A tomada de posição do legislador europeu a este respeito veio a ser feita por uma tríade de documentos, todos implementados no último ano em Portugal, e que determinaram uma reavaliação do posicionamento anteriormente adotado no âmbito nacional: a DMIF II[2], o Regulamento europeu PRIIPS[3] e a nova diretiva da distribuição de seguros (IDD)[4].
Em primeiro lugar, e logo em 2014, a DMIF II veio clarificar que, embora fosse necessário para garantir a proteção dos consumidores e a concorrência entre produtos semelhantes que os PIBS estivessem sujeitos a exigências de proteção dos investidores semelhantes às desta diretiva, as diferentes estruturas de mercado e características dos produtos de seguro aconselhariam que a regulamentação detalhada a esse respeito se fizesse no âmbito da legislação relativa a distribuição de seguros.
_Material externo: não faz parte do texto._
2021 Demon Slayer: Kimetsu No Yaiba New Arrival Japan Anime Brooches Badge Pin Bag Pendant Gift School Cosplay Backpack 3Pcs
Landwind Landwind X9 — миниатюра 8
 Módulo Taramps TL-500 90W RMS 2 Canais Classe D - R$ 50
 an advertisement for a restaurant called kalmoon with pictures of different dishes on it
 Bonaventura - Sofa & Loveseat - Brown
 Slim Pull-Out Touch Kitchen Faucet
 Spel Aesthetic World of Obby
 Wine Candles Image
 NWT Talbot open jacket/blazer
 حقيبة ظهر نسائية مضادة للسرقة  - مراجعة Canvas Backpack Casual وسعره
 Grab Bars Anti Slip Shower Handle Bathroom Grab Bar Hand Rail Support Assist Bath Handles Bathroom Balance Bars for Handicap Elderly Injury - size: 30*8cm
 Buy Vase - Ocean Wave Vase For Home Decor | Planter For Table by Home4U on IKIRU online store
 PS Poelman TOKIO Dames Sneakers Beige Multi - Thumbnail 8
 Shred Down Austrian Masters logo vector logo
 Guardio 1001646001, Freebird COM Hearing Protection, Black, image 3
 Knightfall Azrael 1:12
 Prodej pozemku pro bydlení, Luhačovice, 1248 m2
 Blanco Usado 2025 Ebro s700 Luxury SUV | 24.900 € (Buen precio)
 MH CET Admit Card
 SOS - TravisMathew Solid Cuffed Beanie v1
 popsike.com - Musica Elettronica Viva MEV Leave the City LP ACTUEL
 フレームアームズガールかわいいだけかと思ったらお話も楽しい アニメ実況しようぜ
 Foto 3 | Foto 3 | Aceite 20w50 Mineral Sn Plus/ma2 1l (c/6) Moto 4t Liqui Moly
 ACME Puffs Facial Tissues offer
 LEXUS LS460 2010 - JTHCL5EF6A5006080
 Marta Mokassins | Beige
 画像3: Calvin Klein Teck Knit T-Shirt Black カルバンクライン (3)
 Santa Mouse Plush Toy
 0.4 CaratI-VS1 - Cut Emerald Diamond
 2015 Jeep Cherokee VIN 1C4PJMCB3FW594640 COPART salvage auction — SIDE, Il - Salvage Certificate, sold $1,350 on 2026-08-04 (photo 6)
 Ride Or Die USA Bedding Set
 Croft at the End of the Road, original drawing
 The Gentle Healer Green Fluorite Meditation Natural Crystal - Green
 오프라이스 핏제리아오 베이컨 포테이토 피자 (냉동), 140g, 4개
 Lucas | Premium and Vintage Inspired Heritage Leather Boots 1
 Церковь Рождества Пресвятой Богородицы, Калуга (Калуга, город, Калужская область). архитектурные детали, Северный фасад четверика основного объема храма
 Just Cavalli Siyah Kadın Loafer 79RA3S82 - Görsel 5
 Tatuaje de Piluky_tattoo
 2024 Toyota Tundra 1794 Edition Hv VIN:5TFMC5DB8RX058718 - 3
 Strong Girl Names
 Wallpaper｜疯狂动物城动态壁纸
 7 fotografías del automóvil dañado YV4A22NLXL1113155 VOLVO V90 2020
Também em 2014, e sem prejuízo da referida necessidade de estabelecer regras de comercialização específicas para seguros, o legislador europeu deu um sinal quanto ao que entendia ser essencial regular da mesma forma, ao uniformizar os requisitos dos documentos de informação fundamental aplicáveis aos PIBS e aos produtos de investimento de retalho, através do Regulamento PRIIPs, complementado em Portugal pela Lei n.º 35/2018, de 20 de julho.
A peça final deste puzzle foi a publicação, em 2016, da IDD, transposta em Portugal no início deste ano pela Lei n.º 7/2019, de 16 de janeiro, aplicável a mediadores e a empresas de seguros, que passou a incluir um conjunto de normas específicas adicionais aplicáveis à distribuição de PIBS, tratando, entre outros, aspetos como a avaliação da adequação do produto ao cliente e os conflitos de interesses dos distribuidores, densificados em regulamentos delegados da Comissão Europeia.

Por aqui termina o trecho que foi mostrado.